(Data excerpts)
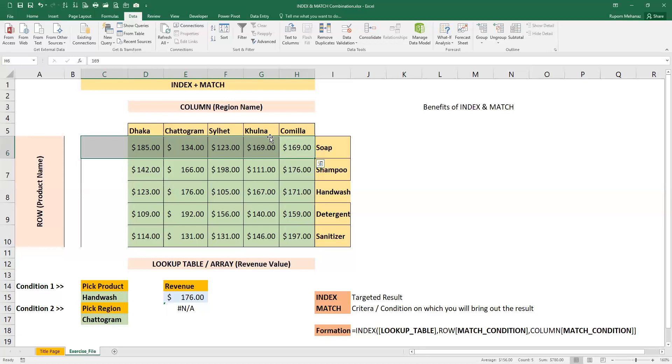This exercise file is in my YouTube description box, and links to various courses I offer are also there. By enrolling in my courses, you can make your Excel skills more robust.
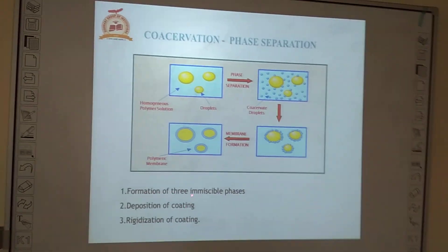Finally, there is rigidization of the coating material around the core material. The three important steps are: first, the formation of three immiscible phases — one is the coating material, one is the core material, and the other is the vehicle. Second, deposition of coating — after phase separation, the coating material precipitates out and forms a coat around the core material. Third, rigidization of coating — by some methods we rigidize the coating material around the core material.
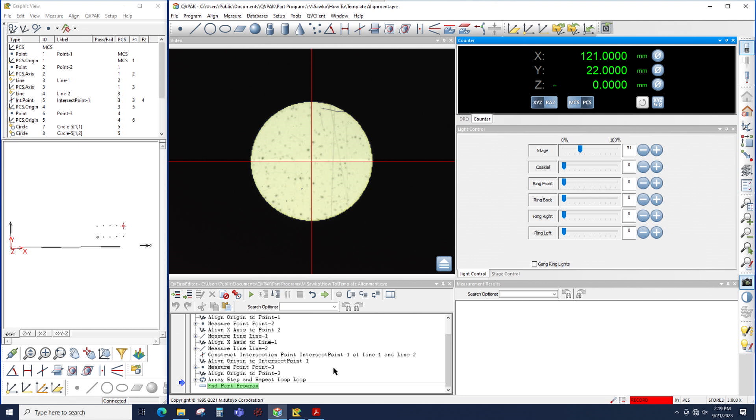The IP can also be one of four different colors, and those colors tell you what's happening with the program. For example, blue like you see here means everything in the program prior to this node where the IP is has been executed. In other words, the program has been run.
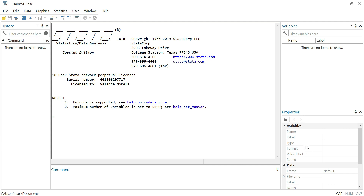The second one is where we can insert comments. The third one is the output window here in the middle — the big screen or the largest window. The fourth one is the variable window, which will display all the variables within our dataset.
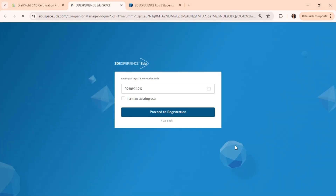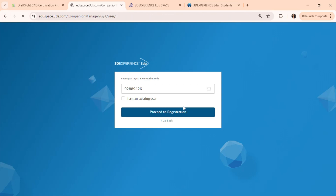You'll be taken to a new page on 3D EduSpace, and there's a voucher code waiting for you — a voucher code for a free certification. Click on Proceed to Registration.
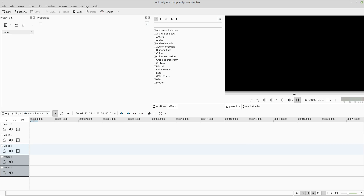Kdenlive is open source and easy to use, but it has one glaring problem: by default, Kdenlive only uses your CPU for rendering. It does not utilize your GPU. This isn't such a big deal for a short or low-resolution video, but if you want to edit something like a Let's Play — which could be hours long — or a 4K video or higher resolutions, you're going to have a really bad time when you go to render in Kdenlive.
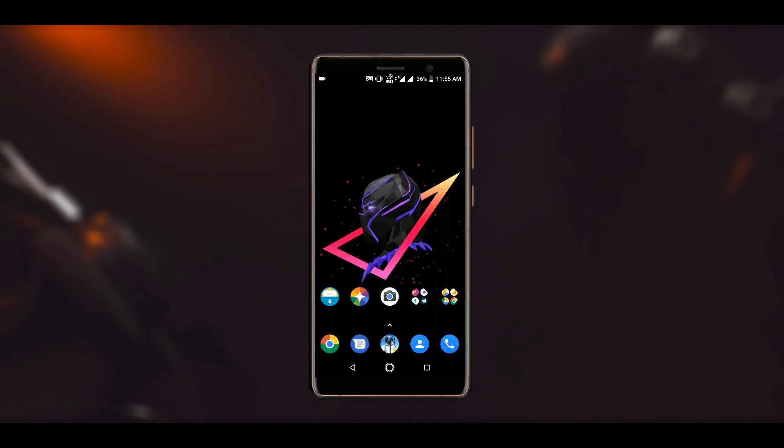Hey what's up guys, Arvind here, and in this video I will be showing you how to install themes on any stock Android device without root or without the need of Substratum theme engine.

◆ Exercise brief ◆
Word-for-word restatement: every line from the one with "The second one" through the final line of the data, both ends included, pictures excluded.

◆ Response area ◆
The second one is where we can insert comments. The third one is the output window here in the middle — the big screen or the largest window. The fourth one is the variable window, which will display all the variables within our dataset.
You'll be taken to a new page on 3D EduSpace, and there's a voucher code waiting for you — a voucher code for a free certification. Click on Proceed to Registration.
Kdenlive is open source and easy to use, but it has one glaring problem: by default, Kdenlive only uses your CPU for rendering. It does not utilize your GPU. This isn't such a big deal for a short or low-resolution video, but if you want to edit something like a Let's Play — which could be hours long — or a 4K video or higher resolutions, you're going to have a really bad time when you go to render in Kdenlive.
Hey what's up guys, Arvind here, and in this video I will be showing you how to install themes on any stock Android device without root or without the need of Substratum theme engine.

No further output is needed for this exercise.